J’étais de ceux qui l’avaient, pendant tant d’années, tenu en échec à Oxford ; ma retraite était donc son triomphe. Les personnes qui m’avaient chassé d’Oxford étaient manifestement les Libéraux ; c’étaient eux qui avaient ouvert l’attaque contre le Tract 90 ; si je faisais un pas de plus et me retirais de l’Église Anglicane, ils gagneraient un nouveau succès. Mais ce n’était pas tout. Comme je l’ai déjà dit, il n’y a que deux alternatives : le chemin de Rome, ou le chemin de l’Athéisme : l’Anglicanisme est l’étape à mi-chemin d’un côté, et le Libéralisme de l’autre.

Combien de gens, je ne le savais que trop, cesseraient de me suivre maintenant que j’allais passer de l’Anglicanisme vers Rome, et quitteraient aussi tôt l’Anglicanisme et moi pour le camp des Libéraux ! Ce n’était pas du tout chose facile (humainement parlant) que d’élever un Anglais à un niveau dogmatique. J’y avais réussi souvent pour des jeunes gens, et aussi pour des laïques, car la Via Media représentait le dogme.

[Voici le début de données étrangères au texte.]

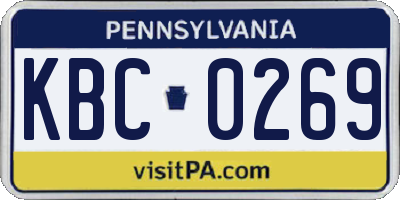 PA license plate KBC0269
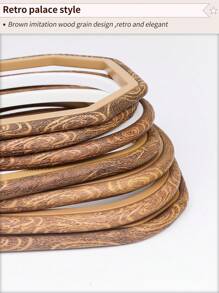 3 قطع/4 قطع أطواق تطريز خشبية بنية داكنة بطراز رجعي، أطواق تطريز DIY بطراز عتيق، أطواق غرزة متقاطعة، أطواق تطريز، أطواق لتعليق أحلام الريح، مصنوعة من ABS وPVC متين، مع خطافات معدنية برونزية للتعليق، يمكن استخدامها كديكور للحقائب والملابس والهواتف والمفاتيح، ديكور هالوين وعيد الميلاد، ديكور المكتب والسرير، تعليق السيارة، تشمل 16 إبرة تطريز للخياطة والاستخدام المنزلي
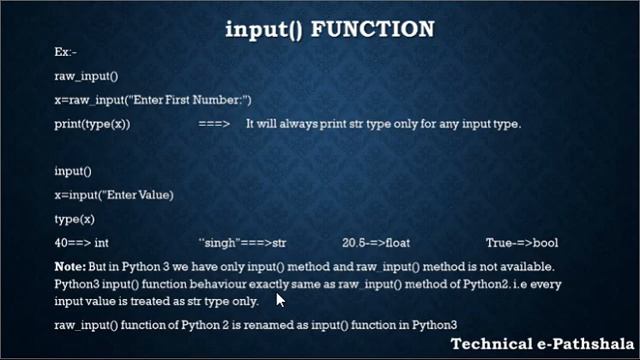 Runtime Input in Python(in Hindi)| raw_input(),input() Function in Python |By Technical e-Pathshala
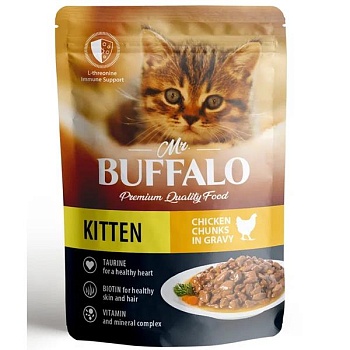 Mr.Buffalo KITTEN влажный корм корм котят Цыпленок в соусе 28х85гр купить 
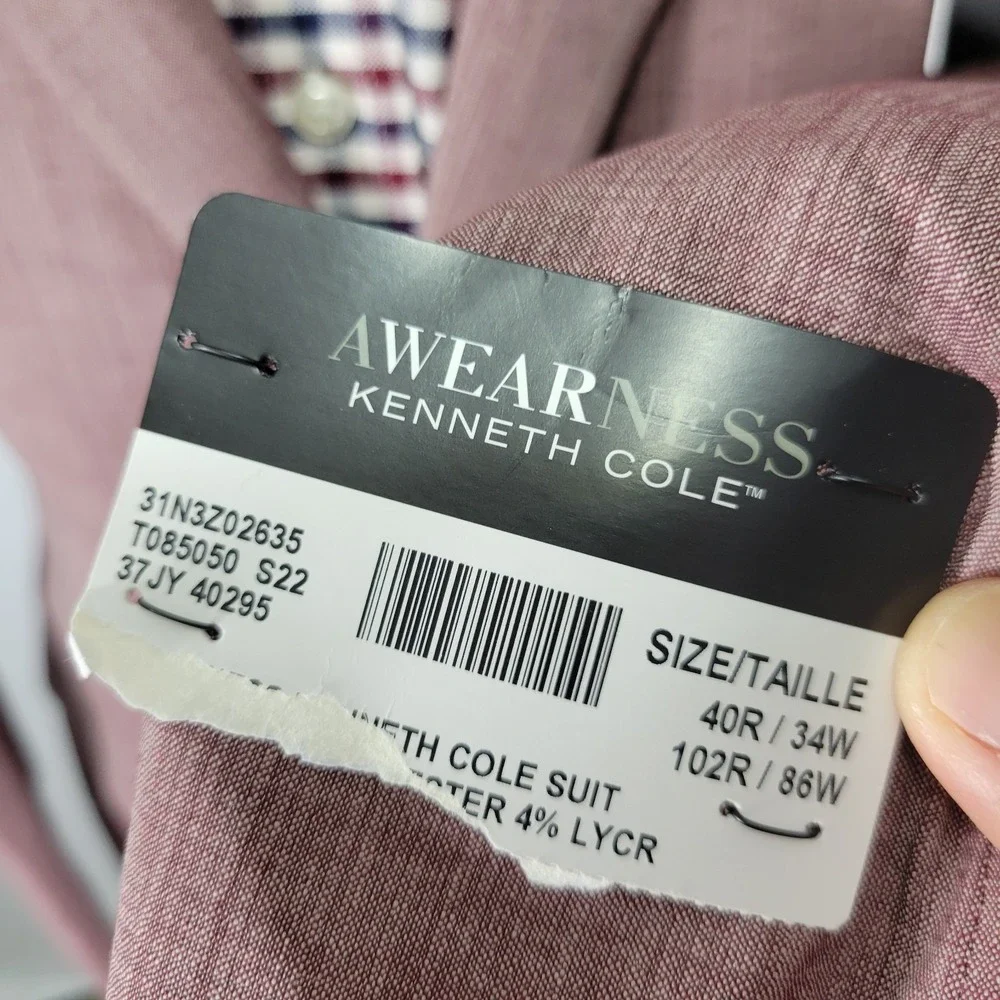 Kenneth Cole Awearness Mens Sport Coat Blazer Two Button Plum Wool Blend 40R NEW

Le principe dogmatique et le principe Anglican ne faisaient qu’un, leur avais-je dit ; mais voici que je détruisais la Via Media et ne laissais que des ruines ; la foi dogmatique ne serait-elle pas anéantie dans les esprits d’un grand nombre par la destruction de la Via Media ?

Oh ! Combien cela me rendit malheureux ! Un jour, j’entendis raconter par un témoin oculaire l’histoire d’un pauvre marin qui, ayant les jambes fracassées par un boulet lors de l’affaire de 1816 devant Alger, fut transporté à l’entrepont pour subir une opération. Le chirurgien et le chapelain le persuadèrent de se faire amputer une jambe ; elle lui fut effectivement coupée, et un garrot fut appliqué sur la blessure.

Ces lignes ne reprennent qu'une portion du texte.